La renommée de William Shakespeare est telle que même ses traducteurs sont associés à de grands noms de la littérature, comme François-Victor Hugo, le fils de Victor Hugo. D’autre part, le dramaturge anglais (1564-1616) a volontiers représenté le monde entier sur scène, rappelle The Observer, des forêts écossaises à l’Alexandrie de Cléopâtre.
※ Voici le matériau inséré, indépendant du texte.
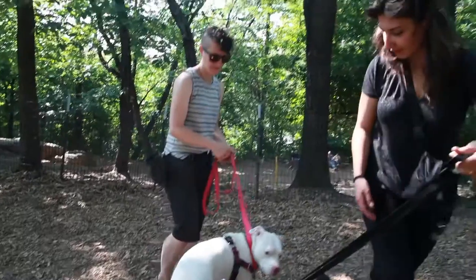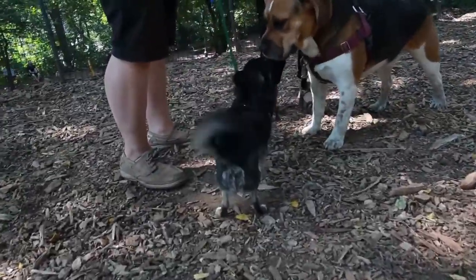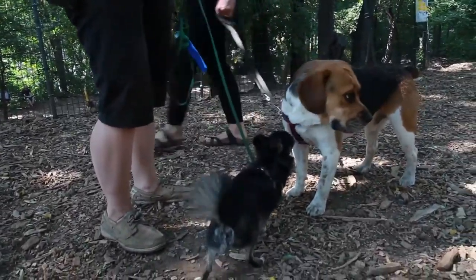If all went well, you can let the pup go back and interact some more. The bottom line is keep introductions short and choose the dog you're introducing your puppy to carefully.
Dans Henry V – qui traite de l’expédition militaire se soldant par la victoire des Anglais à Azincourt, en 1415 –, le chœur s’exclame en introduction [dans la traduction de Victor Hugo] : “Mais pardonnez, gentils auditeurs, / au plat et impuissant esprit qui a osé / sur cet indigne tréteau produire / un si grand sujet ! / Ce trou à coqs peut-il contenir / les vastes champs de la France ?”

L’hebdomadaire londonien estime probable que “Shakespeare aurait été heureux de s’apercevoir que, quatre siècles après sa mort, il est devenu un dramaturge mondial, joué non seulement dans tous les endroits qu’il mentionnait, mais aussi dans bien d’autres dont il n’avait jamais entendu parler”.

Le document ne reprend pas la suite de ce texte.